Für die tiergestützte pädagogische Arbeit ist ein methodischer Fundus nötig, um sowohl den Kindern als auch den Tieren gerecht zu werden. Die 10-Punkte-Checkliste hilft zu prüfen, ob sich die Rahmenbedingungen in der Kita für die Tierhaltung eignen.

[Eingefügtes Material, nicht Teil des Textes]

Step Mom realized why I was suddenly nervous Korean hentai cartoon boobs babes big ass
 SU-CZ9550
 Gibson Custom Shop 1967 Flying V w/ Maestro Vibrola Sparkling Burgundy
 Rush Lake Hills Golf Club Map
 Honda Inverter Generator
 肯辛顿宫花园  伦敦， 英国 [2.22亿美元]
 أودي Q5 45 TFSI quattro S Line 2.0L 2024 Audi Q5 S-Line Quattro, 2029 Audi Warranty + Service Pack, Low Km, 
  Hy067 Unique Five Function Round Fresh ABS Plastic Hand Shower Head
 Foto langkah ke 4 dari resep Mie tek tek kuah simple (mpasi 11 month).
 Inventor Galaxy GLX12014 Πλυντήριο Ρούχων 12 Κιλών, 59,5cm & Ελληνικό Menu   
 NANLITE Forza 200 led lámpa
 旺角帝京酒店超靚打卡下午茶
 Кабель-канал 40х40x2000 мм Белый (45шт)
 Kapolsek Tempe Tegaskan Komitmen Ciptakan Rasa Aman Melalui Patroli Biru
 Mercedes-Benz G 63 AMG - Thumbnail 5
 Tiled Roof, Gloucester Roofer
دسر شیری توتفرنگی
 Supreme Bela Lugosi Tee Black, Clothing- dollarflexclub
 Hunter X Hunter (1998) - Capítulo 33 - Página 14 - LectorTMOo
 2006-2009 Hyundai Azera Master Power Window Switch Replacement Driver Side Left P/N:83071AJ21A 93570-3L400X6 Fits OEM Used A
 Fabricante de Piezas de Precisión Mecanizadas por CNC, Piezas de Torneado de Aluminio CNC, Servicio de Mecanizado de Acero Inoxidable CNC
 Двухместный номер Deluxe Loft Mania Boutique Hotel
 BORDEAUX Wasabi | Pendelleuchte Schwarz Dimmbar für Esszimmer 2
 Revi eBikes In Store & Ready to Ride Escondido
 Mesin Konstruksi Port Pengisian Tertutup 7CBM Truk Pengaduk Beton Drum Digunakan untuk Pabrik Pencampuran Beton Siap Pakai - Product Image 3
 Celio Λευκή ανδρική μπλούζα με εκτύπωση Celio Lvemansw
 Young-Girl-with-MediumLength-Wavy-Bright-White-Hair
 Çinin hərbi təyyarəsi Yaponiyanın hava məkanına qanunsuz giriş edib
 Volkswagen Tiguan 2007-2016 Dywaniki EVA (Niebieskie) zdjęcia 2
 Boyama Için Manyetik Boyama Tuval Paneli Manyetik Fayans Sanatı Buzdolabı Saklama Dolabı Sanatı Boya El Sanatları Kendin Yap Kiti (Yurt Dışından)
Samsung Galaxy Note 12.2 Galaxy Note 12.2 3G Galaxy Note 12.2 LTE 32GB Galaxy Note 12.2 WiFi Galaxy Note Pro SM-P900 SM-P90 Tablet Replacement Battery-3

Um eine Überlastung der Tiere zu vermeiden, benötigen Erzieherinnen eine Sammlung motivierender Spiel- und Lernangebote rund um das Thema Tier, die zugleich für Abwechslung zu sorgen. Hierfür geeignet sind: Rate- und Bewegungsspiele, Bastelarbeiten, Lieder, Puzzle- und Memoryspiele sowie thematische Schwerpunktthemen (z.B. Tiere anderer Kontinente, Tiere im Winter). Auch Bilder- und Sachbücher, Ansichtskarten, Fotos oder Tierfilme zum gemeinsamen Anschauen und Vorlesen unterstützen das Lernen der Kinder. Interessant und lustig ist es, wenn die Tiernamen und Tierlaute einmal in den Herkunftssprachen der Kinder nichtdeutscher Erstsprache erklingen, z.B.: „Katze – gatto – cat – kedi: Miau! – Miouw! – Miaow! – Miyav!“. Die Mütter und Väter dieser Kinder dürften hierfür Experten sein. Die Zuordnung von Tier und Produkt, z.B. ein Bild vom Schaf und ein Wollpulli, sowie weiterführende Fragen – „Was geschieht mit den Tierprodukten? Wo kommen sie überall vor?“ – regen die Kinder dazu an, sich neue Wissensbereiche zu erschließen. Auch das Gelände, auf dem die Tiere gehalten werden, sollte einbezogen werden:

Mithilfe erwachsener Tierfreunde lassen sich schattenspendende Pflanzen setzen, Kletter- und Versteckmöglichkeiten für die Tiere schaffen, Futterpflanzen (Möhren, Kräuter etc.) anbauen, wobei der durch die Tierhaltung angefallene Mist verwertet und seine Bedeutung für die Gewinnung nährstoffreicher Erde den Kindern erklärt wird. Selbstverständlich spielen die Tiere eine wichtige Rolle, sollen sie als Co-Pädagogen fungieren. Zwischen vorschulischen Bildungseinrichtungen bestehen jedoch hinsichtlich der gehaltenen Tierarten, Rassen, der Anzahl der Tiere sowie deren Sozialisationsgeschichte deutliche Unterschiede, sodass an dieser Stelle exemplarisch einige praktische Beispiele skizziert werden:

  • Die Kinder erhalten Beobachtungsaufgaben, die zugleich zum Sprechen anregen. Das Aussehen oder Verhalten von Tier und Mensch zu vergleichen, motiviert ebenfalls zum mündlichen Sprachgebrauch.
  • Ein Kind legt sich entspannt auf ein Pferd oder neben eine Katze und konzentriert sich auf dessen Atmung oder auf das Schnurren. Es kommt zur Ruhe und kann sich so besser darauf konzentrieren, die Körperwärme und die Weichheit des Fells zu erspüren.
  • Aufgaben, die es in Kooperation und im Dialog mit einem Tier zu meistern gilt, fördern Kinder nicht nur im Bereich der Motorik (z. B. Bewegungslernen mit einem Reittier als Partner), sondern verlangen ihnen zugleich Geduld, Kooperationsbereitschaft und Rücksichtnahme ab.
  • Gemeinsam geplant wird ein Parcours, durch den Tiere wie Pony, Lama, Ziege und Hund zu führen sind. Wie soll die Strecke verlaufen? Welche Gegenstände (z.B. Stangen, Pylonen) können Verwendung finden? Wie ist das Tier am besten zu führen – mit geringem oder weitem Abstand zum Hindernis?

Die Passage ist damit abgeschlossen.